#### Extracted data
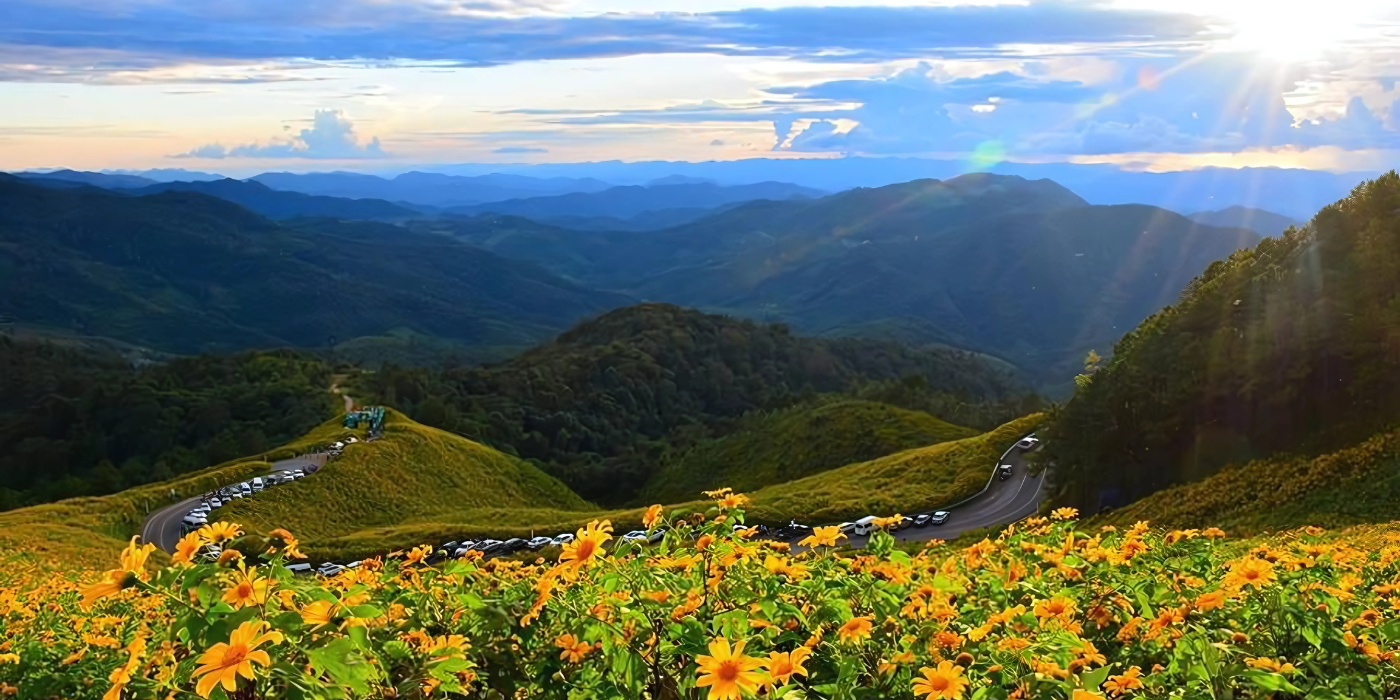 thung bua tong fields at doi mae u kho, bua tong fields doi mae u kho, bua tong fields at doi mae u kho, mexican sunflowers at doi mae u kho, doi mae u kho mexican sunflowers, doi mae u kho, doi mae u kho thung bua tong fields at doi mae u kho, bua tong fields doi mae u kho, bua tong fields at doi mae u kho, mexican sunflowers at doi mae u kho, doi mae u kho mexican sunflowers, doi mae u kho, doi mae u kho, thung dok bua tong at doi mae u-kho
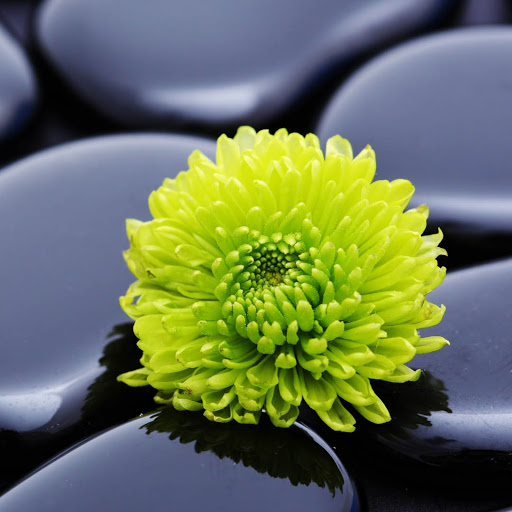 Hd-175176-ascw175176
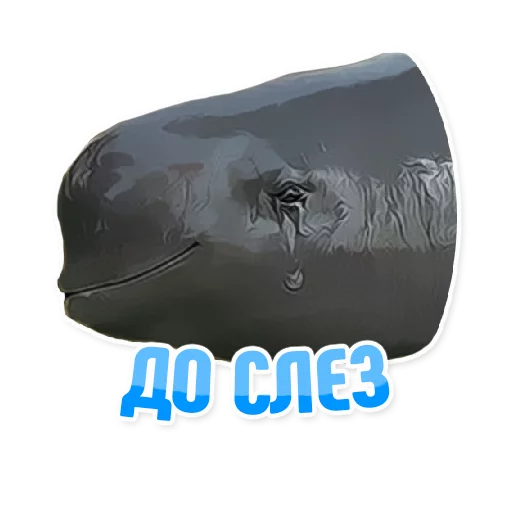 😢 Стикер «Дельфин под спайсом» для Telegram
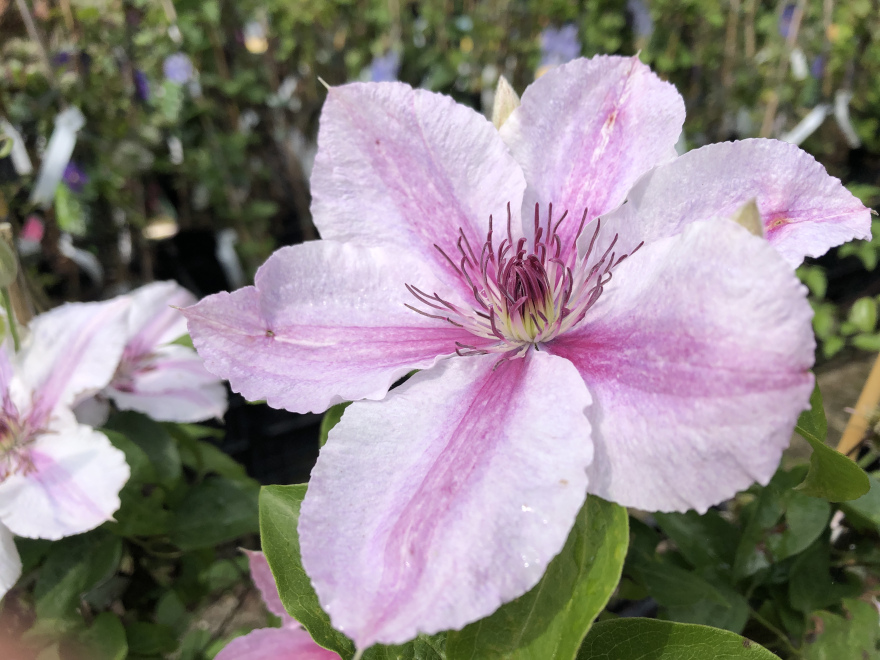 Clematis 'Darius' 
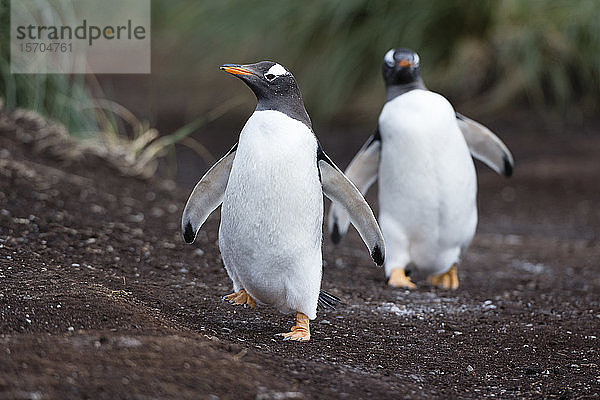 Eselspinguine (Pygoscelis papua) zu Fuß zum Strand  Falkland-Inseln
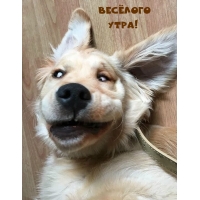 ������� ����!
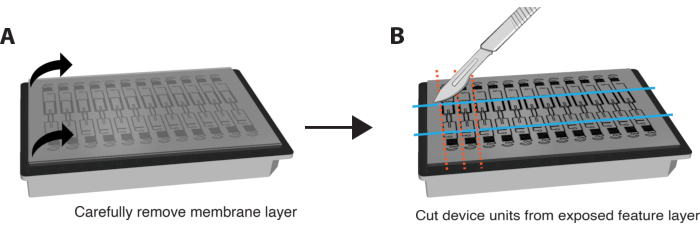 Device preparation process: remove membrane layer, cut units; instructional diagram.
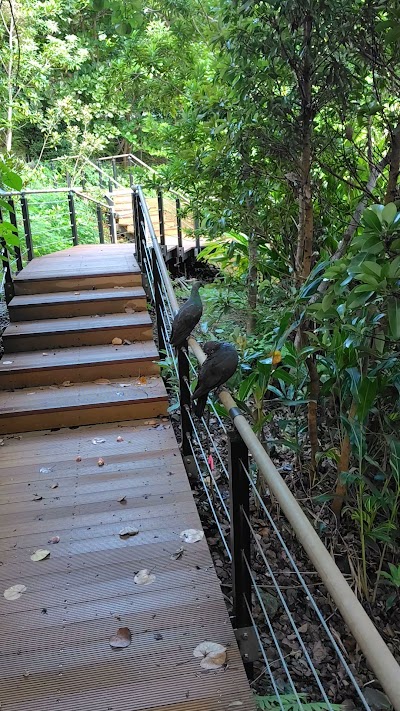 ヒメツバキの谷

#### Task
In the data above, find the line with "Device preparation process: remove" and repeat it and every line after it through the end, exactly; leave the pictures out.

#### Response box
 Device preparation process: remove membrane layer, cut units; instructional diagram.
 ヒメツバキの谷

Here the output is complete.